Research Data Alliance
- Abbreviation: RDA
- Formation: March 2013; 13 years ago
- Founder: European Commission, United States National Science Foundation, United States National Institute of Standards and Technology, Australia Department of Innovation
- Type: Non-profit NGO
- Purpose: Building the social and technical bridges to enable open data sharing and re-use
- Region served: Global
- Membership: 15,385
- Secretary General: Hilary Hanahoe
- Council Chair: Juan Bicarregui, Lee Wilson
- Co-chairs, Technical Advisory Board: Raphael Cobe, Niels Deriemaecker, Mingfang Wu
- Co-chairs, Organisational Advisory Board: Gabriella Pino , Shelley Stall
- Website: www.rd-alliance.org

= Research Data Alliance =

Research community organization

The Research Data Alliance (RDA) is a global research community-driven organization started in 2013 by the European Commission, the US National Science Foundation and National Institute of Standards and Technology, and the Australian Department of Innovation. Its mission is to build the social and technical bridges to enable open sharing and re-use of data. The RDA vision is researchers and innovators openly sharing and resuing data across technologies, disciplines, and countries to address the grand challenges of society. In its initial years, the RDA was major recipient of support in the form of grants from its constituent members' governments. Since 2017, the RDA is sustained by its Organisational and Regional members.

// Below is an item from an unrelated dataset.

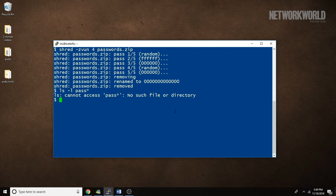That's your 2-minute Linux tip on shredding files. If you like this video, please hit the like and share buttons. For more Linux tips, be sure to follow us on Facebook, YouTube, and networkworld.com.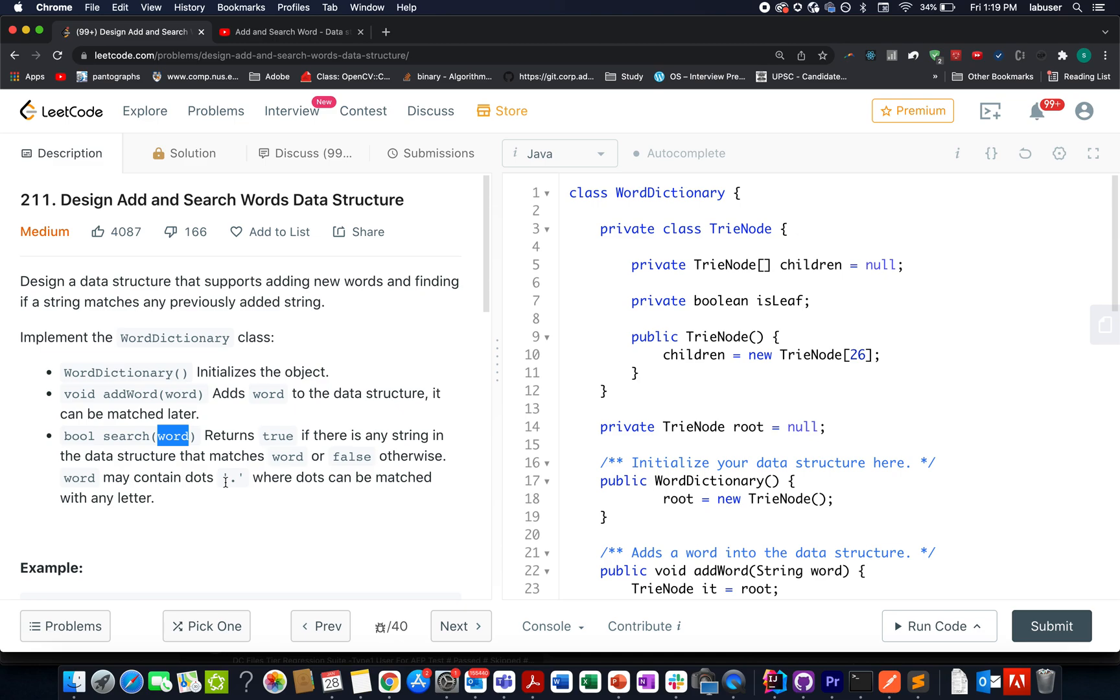Now comes the question: How are we going to solve this problem? It's a simple problem and the concept that will be used to solve this question is tries.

As of March 2025, the RDA has over 15,000 individual members from over 150 countries.

== Structure ==
The RDA's main vehicle for outputs are 18-month long working groups that generate recommendations aimed at the RDA community. In addition to working groups, interest groups with no fixed lifetime can produce either informal or "supported" outputs which carry some degree of RDA endorsement.

== Meetings ==

The RDA organises two major plenary conferences a year that are often co-located within other international data sharing initiatives such as the 12th RDA plenary being part of "International Data Week, 2018" in Gaborone, co-organised by RDA, the ICSU World Data System (WDS), the ICSU Committee on Data for Science and Technology (CODATA), University of Botswana (UoB) and the Academy of Science of South Africa (ASSAf). RDA aims to spread the plenary meetings across many of its members' locales with recent plenaries being held in Helsinki, Philadelphia, Berlin, Gaborone, Montréal, Barcelona, Denver, Tokyo, Paris, San Diego, Amsterdam, Dublin, Washington DC and Gothenburg, Sweden. Edinburgh, Costa Rica and Melbourne have hosted virtual plenaries.

== Partnerships ==

The RDA partners with data sharing organisations across the globe, such as the Australian National Data Service (ANDS), an "influence over the kinds of data sharing environments that Australian researchers will work with when they collaborate with international colleagues". The RDA is partnered with many major international data initiatives such as DataCite and frequently forms joint working groups with them, such as with the World Data System.